Lei passa a exigir prova de contribuição ao INSS para concessão de benefícios

Lei passa a exigir prova de contribuição ao INSS para concessão de benefícios

Por Sidnei Machado*

Provar tempo de serviço e contribuições na hora de requerer benefício no INSS sempre foi um dos maiores embaraços aos segurados. Para dar início a um pedido de aposentadoria, pensão ou auxílio, por exemplo, cabia exclusivamente ao segurado comprovar perante o INSS a condição de filiado, por meio de documentos originais, da época, sem qualquer rasura, de tal forma que não suscitasse qualquer dúvida. Qualquer lacuna nos documentos era o suficiente para se indeferir o benefício.

        Com a edição da Lei nº10.403/02 e o Decreto nº4.079/02, a documentação exigida ao segurado foi reduzida, ao ser transferido para INSS a obrigação de manter as informações necessárias para comprovação de tempo de serviço e das contribuições dos segurados. As informações passarão a ser obtidas pelo Cadastro de Informações Sociais (CNIS), mantido pela Previdência Social.

       Para pedir a aposentadoria, por exemplo, o segurado era obrigado a dirigir-se a uma agência da Previdência Social munido de Carteira de Trabalho, relação dos salários de contribuições (a partir de junho/94), além de comprovante de endereço e cópias de RG e CPF. Com a nova lei, o segurado não mais precisa apresentar a Carteira de Trabalho e a relação de salários.

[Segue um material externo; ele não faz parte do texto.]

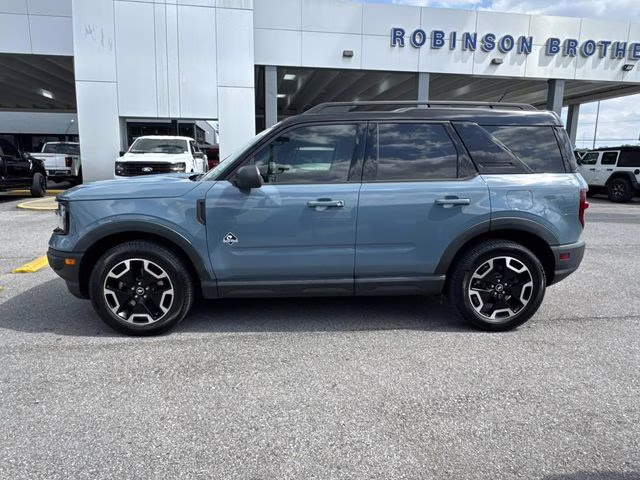 2021 Area 51 Ford Bronco Sport Outer Banks 4X4 SUV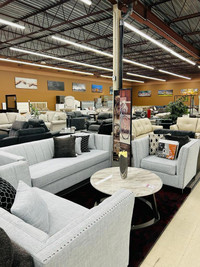 Custom Made  Sofa Set on Sale !! Financing Available !!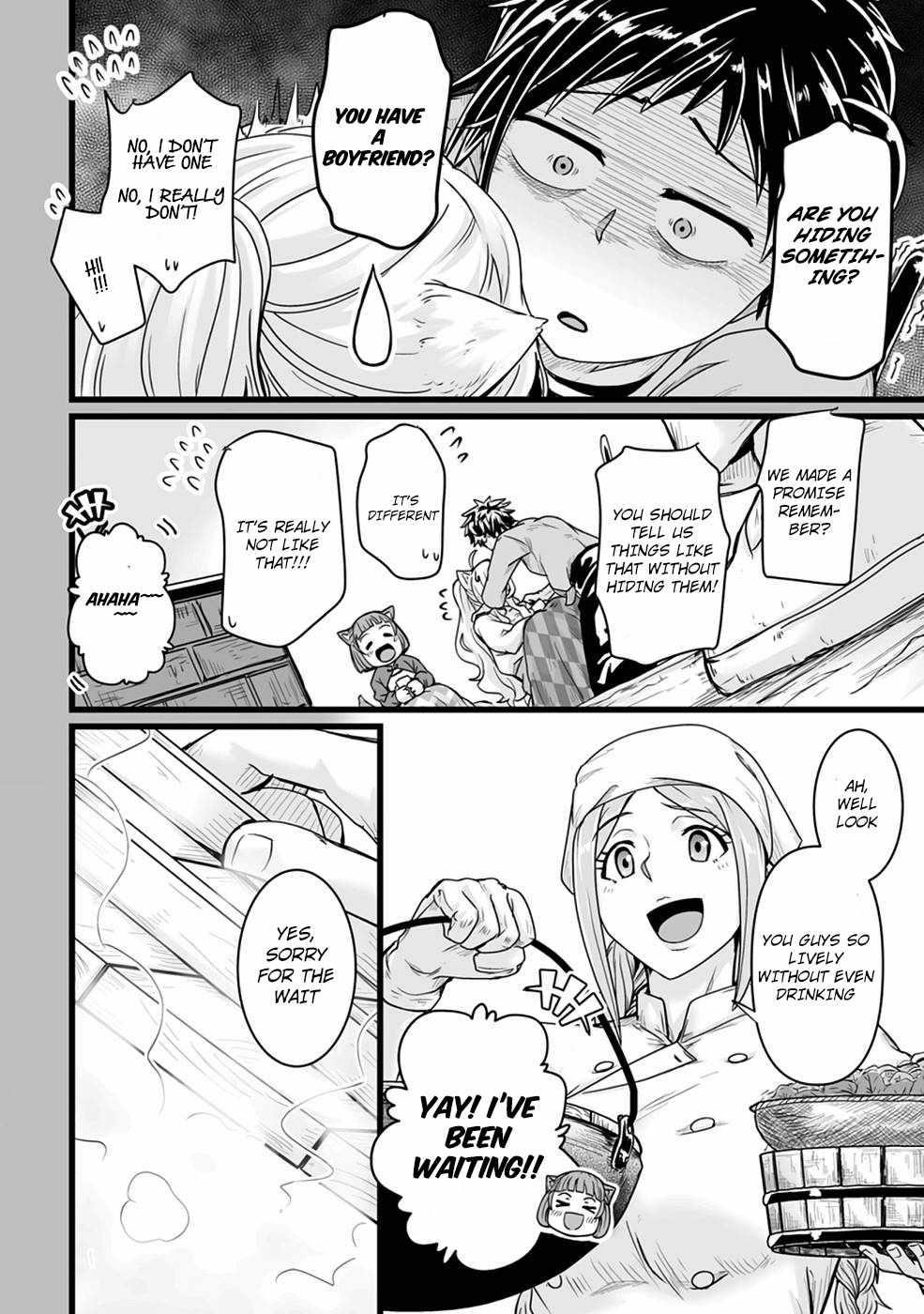 Living in Another World by Taking Commissions ~A Relaxing and Comfy Life of The Restoration Magician’s Staffing Agency~ Chapter 17 - Page 12 in English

        A sanção da lei pelo Presidente da República foi amplamente divulgada pela imprensa como um importante avanço. Porém, não há muito a festejar. A verdadeira motivação do governo, no entanto, não veio para atender exclusivamente os interesses dos segurados, mas de arrecadação da Previdência. Acreditamos que essa medida somente trará novas dificuldades para a concessão de benefícios.

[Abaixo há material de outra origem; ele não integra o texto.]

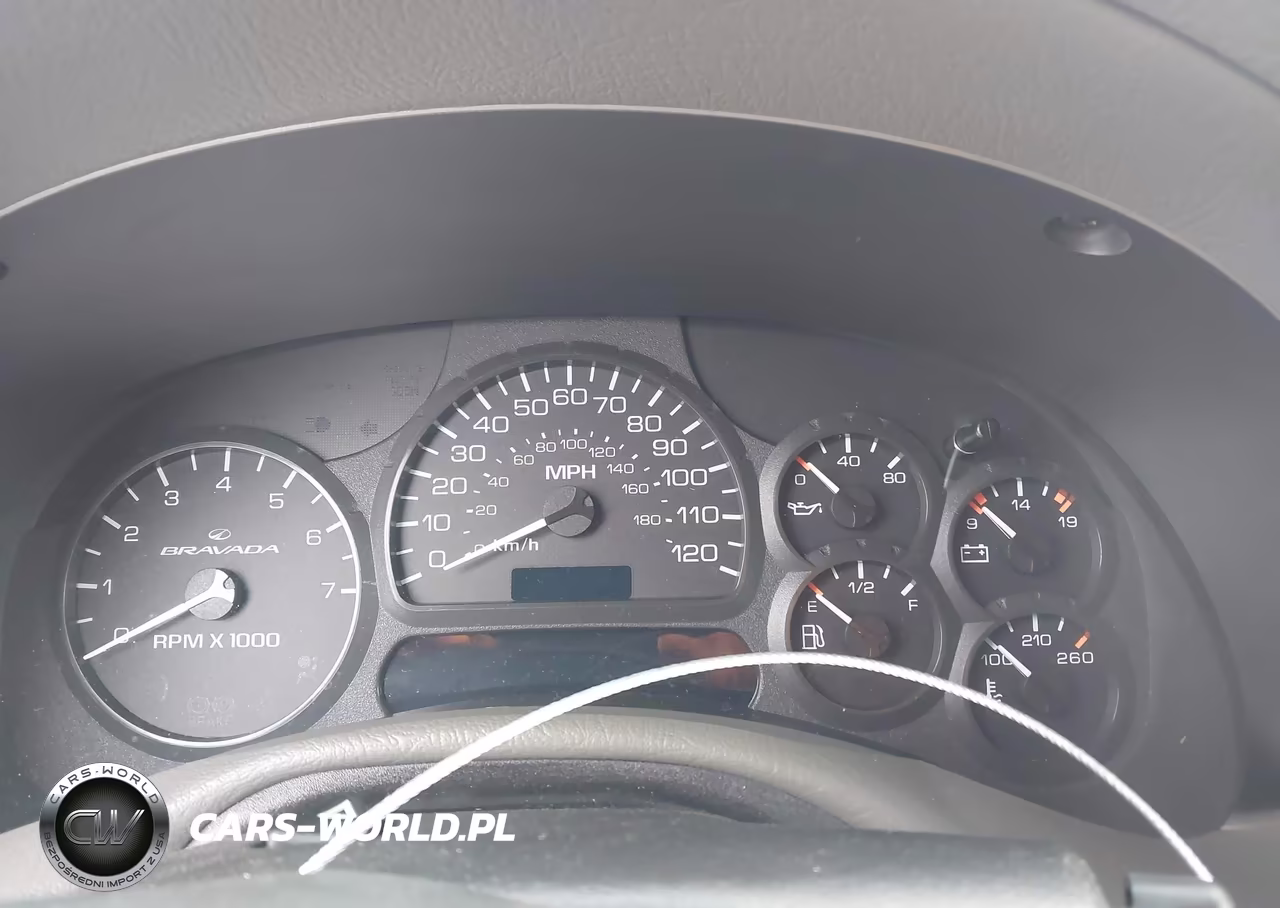 2002 Oldsmobile Bravada VIN:1GHDT13S822210536 - 7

        Pela nova sistemática, ao analisar um pedido de benefício, o INSS consultará primeiro os seus dados para verificar se houve recolhimento de contribuição pelo segurado e/ou pela empresa no período. Ou seja, antes o trabalhador comprovava pela Carteira apenas o tempo de trabalho. Com a nova lei, além da Carteira de Trabalho, a prova de “relação de emprego, tempo de serviço ou de contribuição e salário de contribuição” serão feitas pelo CNIS (art. 19 do Decreto nº4.079/02 – grifamos).

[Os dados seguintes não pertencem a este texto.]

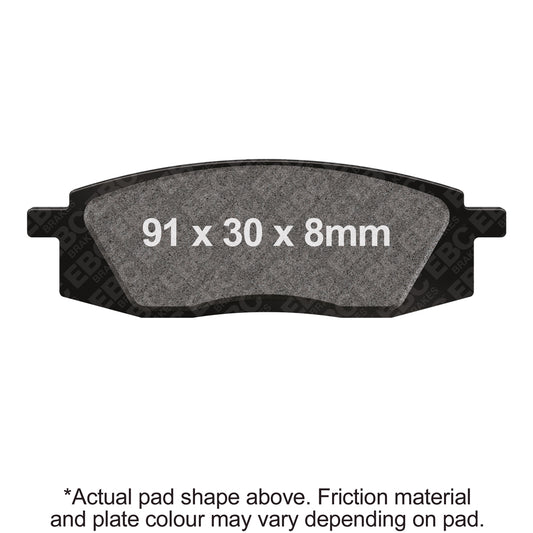 EBC - EBC Pad Set (FA105R)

         Fica claro então que a nova lei, em verdade, ao contrário do que se alardeou, passa a condicionar a concessão de benefícios à efetiva comprovação de contribuição à Previdência Social. Essa intenção está explícita no art. 1º §2º do Decreto nº4.079, o qual esclarece que “Não constando do CNIS informações sobre contribuições ou remunerações, o vínculo não será considerado(…)”. Caso a empresa não tenha recolhido as contribuições à Previdência Social, certamente o CNIS acusará e, conseqüentemente, o INSS não reconhecerá o tempo de serviço e de contribuição. A solução dada pelo Decreto neste caso é comprovar o recolhimento das contribuições por outro meio ou, é claro, responder o segurado pessoalmente pelos valores. Com isso introduziu-se um requisito novo para concessão de benefício: prova de contribuição ao INSS.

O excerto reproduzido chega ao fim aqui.